§ **Exercise**: Transcribe the records below. Leave every line exactly as written.

Saved entries
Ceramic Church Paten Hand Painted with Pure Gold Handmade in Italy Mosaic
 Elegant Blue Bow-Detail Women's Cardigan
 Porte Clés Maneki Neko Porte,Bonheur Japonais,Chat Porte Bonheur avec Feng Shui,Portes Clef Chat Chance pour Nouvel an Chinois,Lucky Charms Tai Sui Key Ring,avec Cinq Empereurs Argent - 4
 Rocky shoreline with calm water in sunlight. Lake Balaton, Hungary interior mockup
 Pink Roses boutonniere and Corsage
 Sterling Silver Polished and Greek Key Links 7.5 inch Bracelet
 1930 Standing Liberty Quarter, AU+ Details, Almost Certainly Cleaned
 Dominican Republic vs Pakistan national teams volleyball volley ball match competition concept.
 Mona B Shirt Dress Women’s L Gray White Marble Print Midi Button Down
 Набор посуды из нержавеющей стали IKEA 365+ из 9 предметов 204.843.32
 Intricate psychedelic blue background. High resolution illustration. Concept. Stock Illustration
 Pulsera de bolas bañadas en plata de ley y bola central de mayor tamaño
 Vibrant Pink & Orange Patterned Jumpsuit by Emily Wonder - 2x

§ **Your solution**:
Ceramic Church Paten Hand Painted with Pure Gold Handmade in Italy Mosaic
 Elegant Blue Bow-Detail Women's Cardigan
 Porte Clés Maneki Neko Porte,Bonheur Japonais,Chat Porte Bonheur avec Feng Shui,Portes Clef Chat Chance pour Nouvel an Chinois,Lucky Charms Tai Sui Key Ring,avec Cinq Empereurs Argent - 4
 Rocky shoreline with calm water in sunlight. Lake Balaton, Hungary interior mockup
 Pink Roses boutonniere and Corsage
 Sterling Silver Polished and Greek Key Links 7.5 inch Bracelet
 1930 Standing Liberty Quarter, AU+ Details, Almost Certainly Cleaned
 Dominican Republic vs Pakistan national teams volleyball volley ball match competition concept.
 Mona B Shirt Dress Women’s L Gray White Marble Print Midi Button Down
 Набор посуды из нержавеющей стали IKEA 365+ из 9 предметов 204.843.32
 Intricate psychedelic blue background. High resolution illustration. Concept. Stock Illustration
 Pulsera de bolas bañadas en plata de ley y bola central de mayor tamaño
 Vibrant Pink & Orange Patterned Jumpsuit by Emily Wonder - 2x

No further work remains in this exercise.